Caspase-3 is physiologically activated during terminal erythropoiesis

In addition to physiologic conditions such as erythropoiesis and the development of other haematopoietic lineages, chromatin condensation is also observed during apoptosis. Indeed, apoptotic mechanisms are known to play important roles in erythropoiesis (reviewed in12). Inhibition of the caspase activities blocks terminal erythropoiesis at the basophilic stage.13 Further studies indicate a possible role of caspase-3 in this process by showing a reduced erythroid maturation rate of human CD34 positive cells when caspase-3 was downregulated by shRNA.10 However, the roles of caspases in erythropoiesis remain elusive. Detailed assays in terminal erythropoiesis were not performed in previous reports using animal models.14

Since nuclear lamins are known substrates of caspase-3,15 we asked whether inhibition of the activity of caspase-3 would block the nuclear opening formation. We first confirmed the activation of caspase-3 and cleavage of lamin B in the cultured mouse fetal liver erythroblasts, which was consistent with a previous report.13 We next treated the cultured mouse fetal liver erythroblasts with a caspase-3 inhibitor at the beginning of culture. Indeed, nuclear opening was blocked in caspase-3 inhibitor treated cells compared to the control ones.
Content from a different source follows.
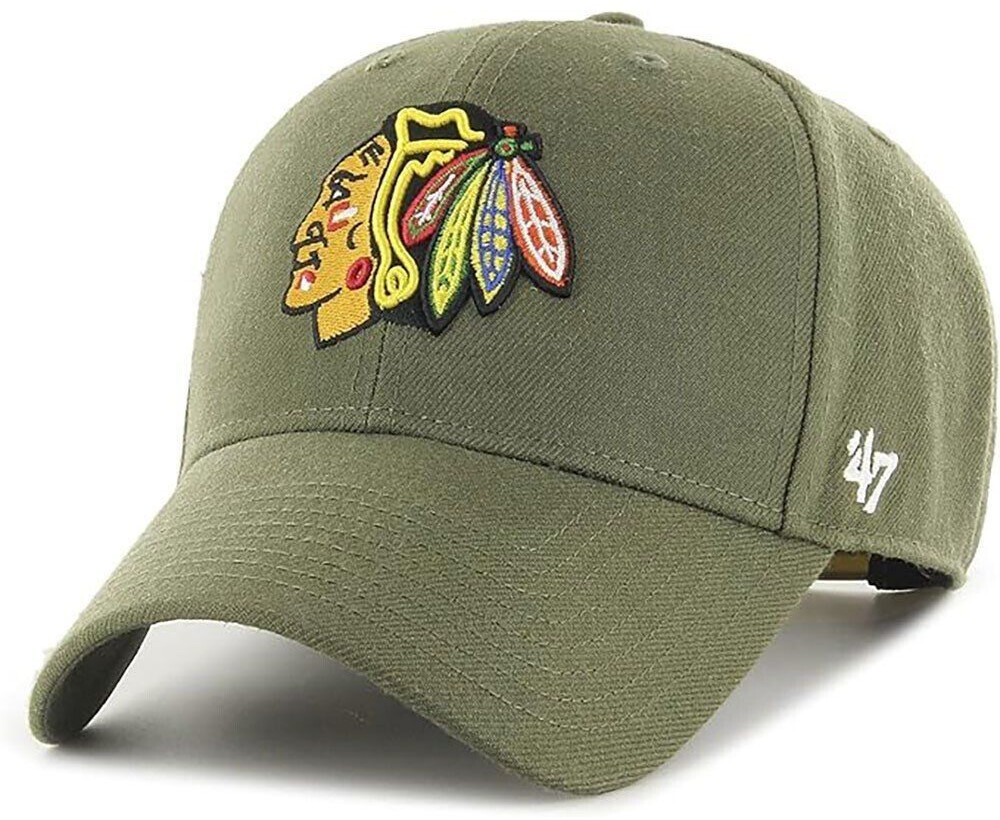 47 Brand Nhl Chicago Blackhawks Mvp Snapback Cap Man (H-MVPSP04WBP-WB) green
Caspase-3 inhibitor also significantly blocked nuclear condensation. To demonstrate that caspase-3 directly functions on lamin-B, we generated a caspase-3 noncleavable lamin-B mutant. Ectopic expression of this mutant in erythroid cells indeed blocked nuclear opening formation and chromatin condensation.7

We further studied the role of caspase-3 in vivo using the fetal liver erythroblasts purified from a caspas-3 knockout mouse model in a pure C57BL/6 background. Indeed, these cells exhibited significant defects in nuclear opening formation and chromatin condensation. The caspase-3 knockout mice also showed downward trends of hemoglobin and hematocrit, and statistically significant splenomegaly, indicating mild erythroid defects in vivo. However, these studies cannot rule out the possible compensatory effects of other caspases in nuclear opening formation and chromatin condensation in the absence of caspase-3. Further studies on caspase-1 or caspase-9, which are the upstream regulators of caspase-314, would be helpful to reveal the mechanisms of caspases in vivo in erythroid chromatin condensation.

Given the important role of caspase-3 in chromatin condensation, it is still mysterious how caspase-3, which is usually triggered active in apoptotic conditions, is activated in terminal erythroid differentiation. We showed in our study that caspase-3 is activated on day one (corresponding to basophilic to polychromatic stages of terminal erythropoiesis) of the two-day mouse fetal liver culture period when the cells are actively responsive to erythropoietin (Epo).7,16 Although Epo is critical for the survival of erythroblasts,17 it is also indicated to paradoxically induce physiologic activation of caspases. Previous studies demonstrated that Epo activates caspase-3 in human erythroid cell line TF-1 cells.18 More recently, we showed that Epo increased the levels of reactive oxygen species (ROS). ROS gradually decreased during terminal differentiation, which was accompanied by the decreased erythroblast response to Epo.16 These data indicate that Epo could potentially induce caspase-3 activation through ROS, which is well known to activate caspases.19

A possible role of H2AZ in chromatin remodeling and histone release during terminal erythropoiesis

We demonstrated that the major histones, except H2AZ, are partially released from the nucleus through the nuclear opening. The role of H2AZ in chromatin remodeling is well studied in yeast (review see.20). In mammalian cells, H2AZ is known to be involved in chromatin remodeling and nucleosome depletion in embryonic stem cell.21 However, its role in erythropoiesis is completely unknown. It is likely that H2AZ plays a role in nucleosome remodeling to facilitate the histone release process in terminal erythropoiesis (Fig. 2). Besides the use of non-canonical histone variants, nucleosome remodeling in mammalian cells is also facilitated through ATP-dependent SWI/SNF chromatin remodeling complexes and histone tail post-translational modifications.22 In supporting of this, replacement of H2A to H2AZ is catalyzed by SWI/SNF-related SWR1 complex in yeast.23,24 Mammalian homology of SWR1, p400/mDomino, plays a critical role in erythropoiesis, which further underlies the significance of chromatin remodeling in terminal erythropoiesis.25,26 In addition, TIP60 histone acetyltransferase complex, which associates with p400, acetylates the canonical histone H4 and H2A that is required for H2AZ incorporation catalyzed by SWR1/p400 histone exchange complex.27 Therefore, these mechanisms could function together to induce chromatin remodeling and histone release in terminal erythropoiesis (Fig. 2).

Figure 2.

Figure 2.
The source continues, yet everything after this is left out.